Communication, planning and task management remains associated with the project.

Repositories hosted online can be made private where necessary. In rare circumstances where the work involves materials that cannot be shared online at all, we will discuss with you and develop more secure custom arrangements.

Communication

It is important to manage communication between stakeholders and RSEs in a software project and as a team we have developed a set of recommendations over the course of many projects for getting the most out of collaborating together.

These concepts are intended as guidance and each individual project may require its own tweaks to this framework.

PIs, Researchers and RSEs should agree on a communication strategy for the project.

As a starting point, we recommend:

Regular (but not too regular) focused meetings to prioritise work to be carried out.
Agreeing on an instant messaging platform for quick discussions, e.g. Google Chat, Slack or Skype - this is particularly useful in our current remote/hybrid working model.
Use of issues and pull requests, described in more detail below.

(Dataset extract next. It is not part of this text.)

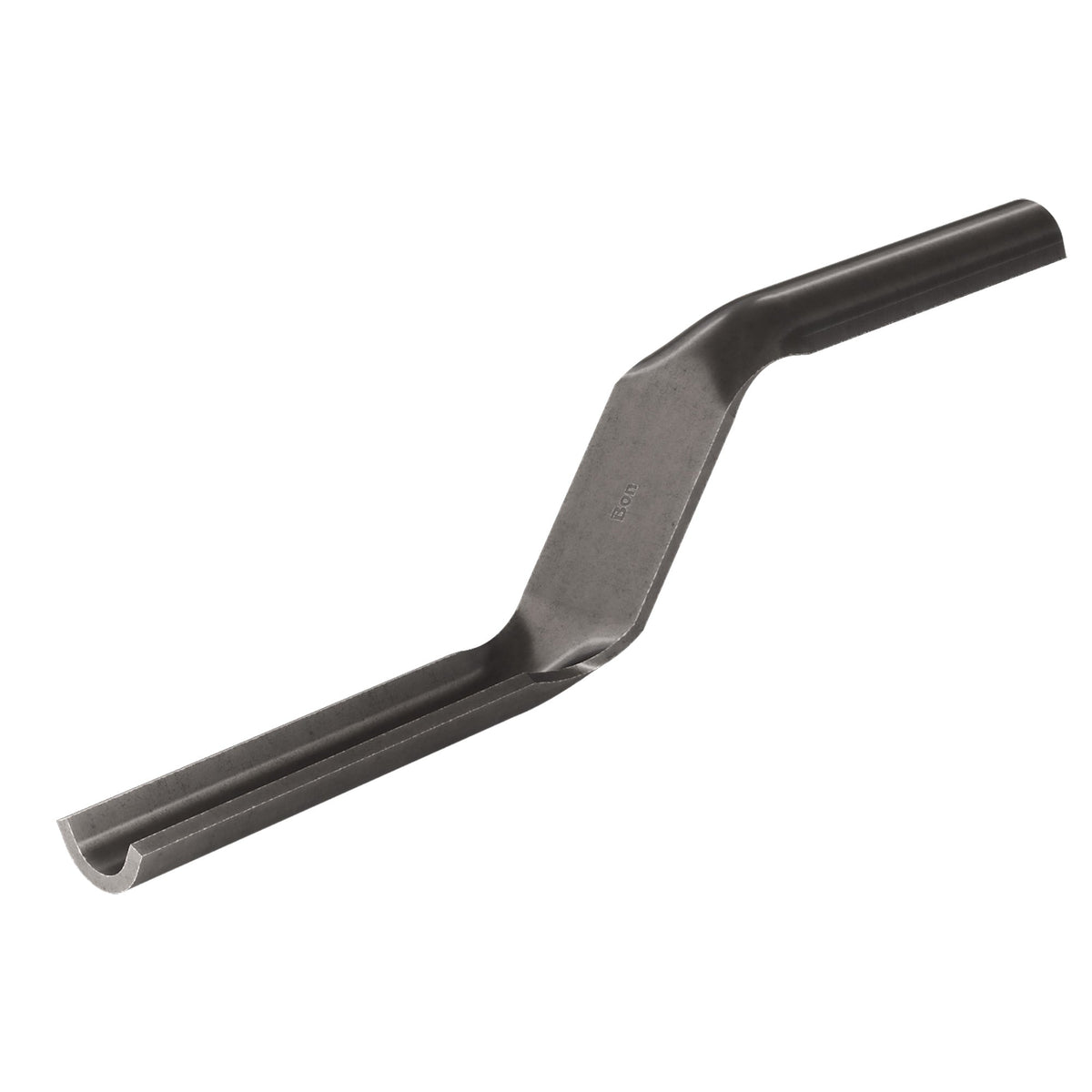 Bon Tool "R" Style Convex Jointer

We encourage the use of instant messaging (for quick discussions) or slack for throwaway conversation. As a general rule we suggest that you should not expect or require anyone to read messages on an instant messaging service (e.g slack, google chat, etc) unless they are specifically tagged (either individually or via a channel). We also need decisions to always be recorded. Notes or decision making around particular development tasks should always be recorded in an agreed location (e.g. GitHub Issues, or a Google Drive folder) rather than via email history.

Issues and Project Boards

GitHub and GitLab, alongside acting as an online hosting platform for code, also provide a useful set of project management tools. Other cloud based tools such as Jira also provide project management but without close coupling to Issues.

Each task on the project should be described in an ‘issue’. Each issue can be assigned a team member, associated with a project milestone and also acts as a discussion thread to communicate over the specifics.

Issues don’t only have to be used for code, but can be used to track all tasks in a project.

Code-related issues can also be associated with pull requests (see below) so that when code is implemented to address an issue, the issue can be automatically closed.

Project boards (GitHub, known as issue boards on GitLab) are a useful and efficient way to track the progress of tasks within a project and to prioritise work.

We encourage PIs to engage with the project board during a project, particularly during regular meetings as a way of seeing the progress of the project in one place as well as prioritising tasks.

Issues can be added to the project board as well as task cards (which do not relate to an issue).

Contributing to Coding

A set of contribution guidelines should be agreed and held either in the repository or in the project Google Drive.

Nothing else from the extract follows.